COCOMO II (1995) refined the model with modern software practices. Our "COCOMO-lite" implementation uses the basic formula with domain-specific parameters, providing more realistic estimates for large codebases than simple LOC/hour calculations.

## Limitations

This is a **rough estimate**, not an audit. The methodology is opinionated—there are many valid ways to calculate software costs, and reasonable people disagree on the right approach. If you have a better model, [send a PR](https://github.com/skyfallsin/oss-savings/pulls)!

The tool:

- Can't know how much of a library you actually use
- Uses heuristics for test/doc ratio, not actual file analysis
- Doesn't account for your team's specific productivity
- Ignores integration/learning costs (you still pay those)
- GitHub API has rate limits (see below for authentication)

The goal is order-of-magnitude accuracy. If it says $10M, the true value is probably $3M-$30M, not $100K or $100M.

## Philosophy

Open source is infrastructure. Like roads and bridges, we use it without thinking about what it cost to build. Unlike roads, there's no tax funding it—just mass unpaid labor.

Consider [sponsoring a maintainer](https://github.com/sponsors) whose work you depend on.

## GitHub Rate Limits

Without authentication, GitHub limits you to 60 API requests/hour.
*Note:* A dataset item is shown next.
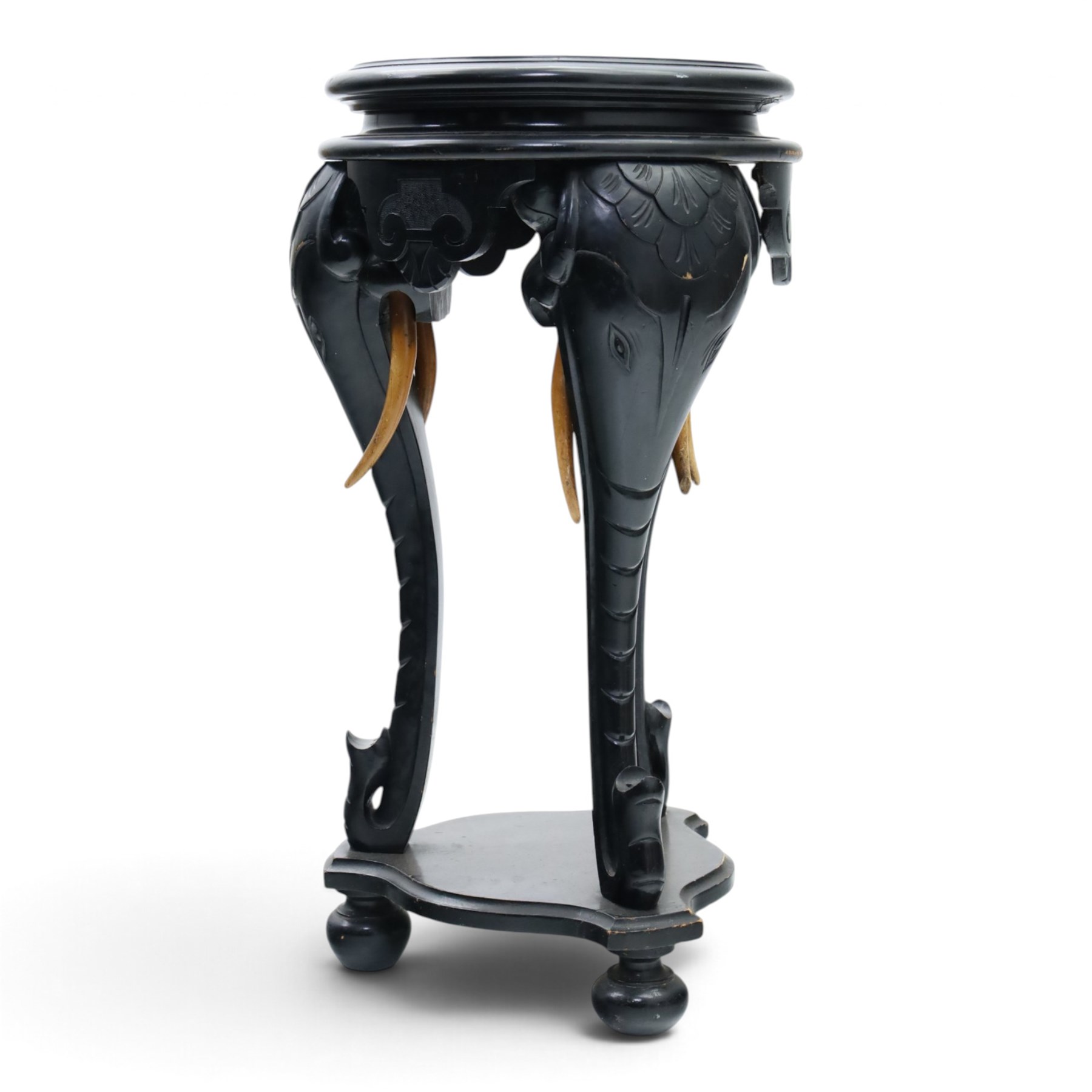 Elephant ebonised jardinière, moulded circular top raised on carved Elephant supports united by a shaped undertier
With a token, you get 5,000/hour.

To authenticate using the [GitHub CLI](https://cli.github.com/):

```bash
gh auth login
export GITHUB_TOKEN=$(gh auth token)
```

Add the export to `~/.zshrc` or `~/.bashrc` for persistence.

The tool automatically uses `GITHUB_TOKEN` or `GH_TOKEN` environment variables if set.

## CLI Options

```
positional arguments:
  repo                  GitHub repo (owner/repo or full URL)

options:
  --deps                Analyze dependencies (npm, pypi, rubygems, crates)
  --years-of-use N      Years you'll rely on this library (default: min(repo age, 7))
  --hourly-rate N       Loaded hourly rate in USD (default: 175)
  --model {linear,cocomo}
                        Estimation model (default: linear)
```

## Contributing

PRs welcome. Ideas for improvement:

- [x] GitHub token support for higher rate limits
- [ ] `--deep-loc` mode that analyzes the file tree
- [ ] Usage coverage estimation from import analysis
- [ ] Integration cost modeling
- [ ] Export to JSON/CSV
- [ ] Web interface

## License

MIT

## AI use
Yes, this project was coded in an afternoon with LLM assistance.